This could be useful to summarise a dataset without viewing all individual entries or to aid in data cleaning. One could check that a column of dates all follow a "nnnn-nn-nn" format or that a column of strings consisted entirely of alphabetic characters (no zeros entered instead of the letter O for example).
## Usage
The main function to use is `inverseRegex(x)` which will identify the different characters that make up the input object `x`. The different groups that can be identified are
- `'[[:digit:]]'`
- `'[[:lower:]]'`
- `'[[:upper:]]'`
- `'[[:alpha:]]'`
- `'[[:alnum:]]'`
- `'[[:space:]]'`
- `'[[:punct:]]'`
See `?regex` for an explanation of their meanings.
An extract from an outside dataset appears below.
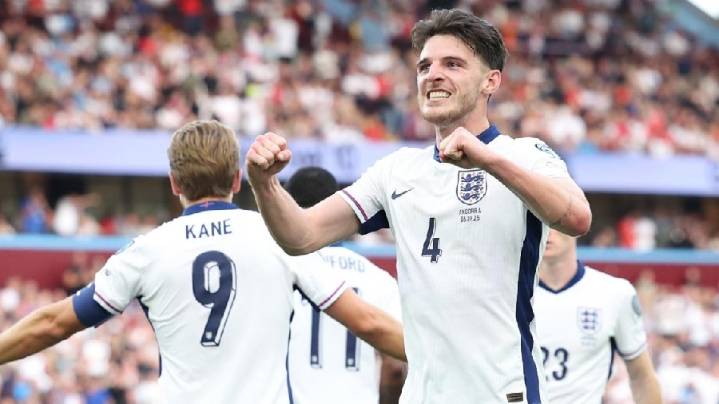 2-0. Inglaterra mantiene el pleno de victorias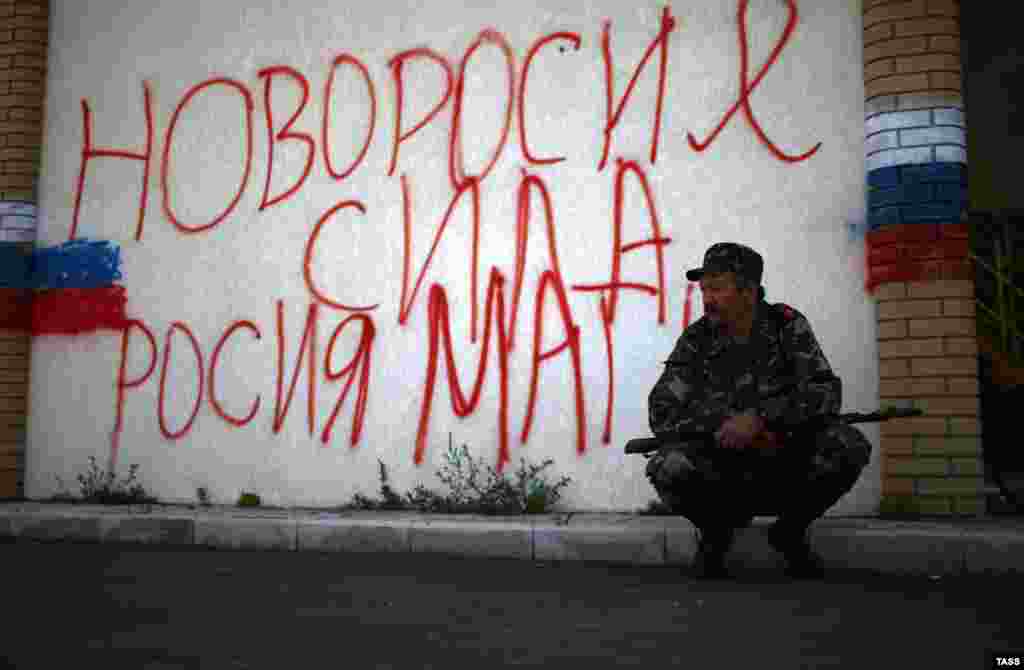 A pro-Russia militant guards a checkpoint near the village of Metallist in eastern Ukraine&#39;s Luhansk region on June 23. (ITAR-TASS/ Stanislav Krasilnikov)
By default the only groups that will be identified are `[[:digit:]]`, `[[:upper:]]`, and `[[:lower:]]`, with any other characters being left as is. This can altered with the following arguments:
- `combineCases`: Use `'[[:alpha:]]'` instead of `'[[:lower:]]'` and `'[[:upper:]]'`.
- `combineAlphanumeric`: Use '`[[:alnum:]]`' instead of '`[[:digit:]]`', '`[[:lower:]]`', '`[[:upper:]]`', and '`[[:alpha:]]`'.
- `combinePunctuation`: Use '`[[:punct:]]`' instead of leaving punctuation characters as is.
- `combineSpace`: Use '`[[:space:]]`' instead of leaving space characters as is.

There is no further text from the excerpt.